L’année 1932, Paris. Une femme en noir traverse

les ruelles du Quartier Latin, son manteau

souillé par la pluie et la cendre des usines.

Elle est connue sous le nom de « La Foudre »,

une mercenaire recrutée par un cercle secret

pour éliminer des figures influentes. Mais elle

découvre un journal caché dans un mur de

l’ancien Hôtel de Ségur : des noms de

politiciens, d’industriels, d’artistes, tous

marqués d’un point rouge. Leur pouvoir est

entièrement contrôlé par une organisation

inconnue, qui utilise des rites anciens pour

maintenir l’équilibre du pays.

La Foudre refuse de tuer. Elle suit les traces,

découvrant que les rites impliquent une danse

ritualisée, un rituel nocturne dans les

catacombes, où des femmes — les « Femmes

Maudites » — sont sacrifiées pour garantir la

stabilité politique. Elle apprend qu’un

soulèvement populaire est imminent, orchestré

par des intellectuels exilés et des ouvriers

désespérés. Mais l’organisation a prévu leur

venue : les Femmes Maudites seront utilisées

comme boucliers humains lors de l’assaut.

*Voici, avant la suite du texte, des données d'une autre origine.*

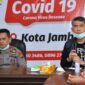 FOTO : Wali Kota Jambi Syarif Fasha dan Kapolda Jambi Irjen Pol Firman Shantyabudi di Posko Gugus Tugas Covid-19 Kota Jambi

La Foudre décide de trahir son employeur. Elle

s’introduit dans les catacombes pendant la nuit

de la danse, se déguise en victime. Les autres

Femmes Maudites, prises au piège depuis des mois,

la regardent avec méfiance. Lorsque les insurgés

arrivent, elles se retournent contre leurs

gardiens. La Foudre tue le chef du cercle, un

homme vêtu de noir, qui murmure une formule

ancienne avant de mourir. L’organisation

s’effondre, mais le pouvoir ne disparaît pas :

il se réorganise, plus discrètement, derrière

les murs des palais.

Les rues de Paris s’animent. Des affiches de

résistance apparaissent, des poèmes de révolte

circulent. La Foudre disparaît, mais son image

devient légendaire. On raconte qu’elle a changé

la donne, que le pouvoir ne sera plus jamais le

même. Le gothique de la nuit, la peur,

l’obscurité, tout cela reste, mais le feu de la

révolte a été allumé.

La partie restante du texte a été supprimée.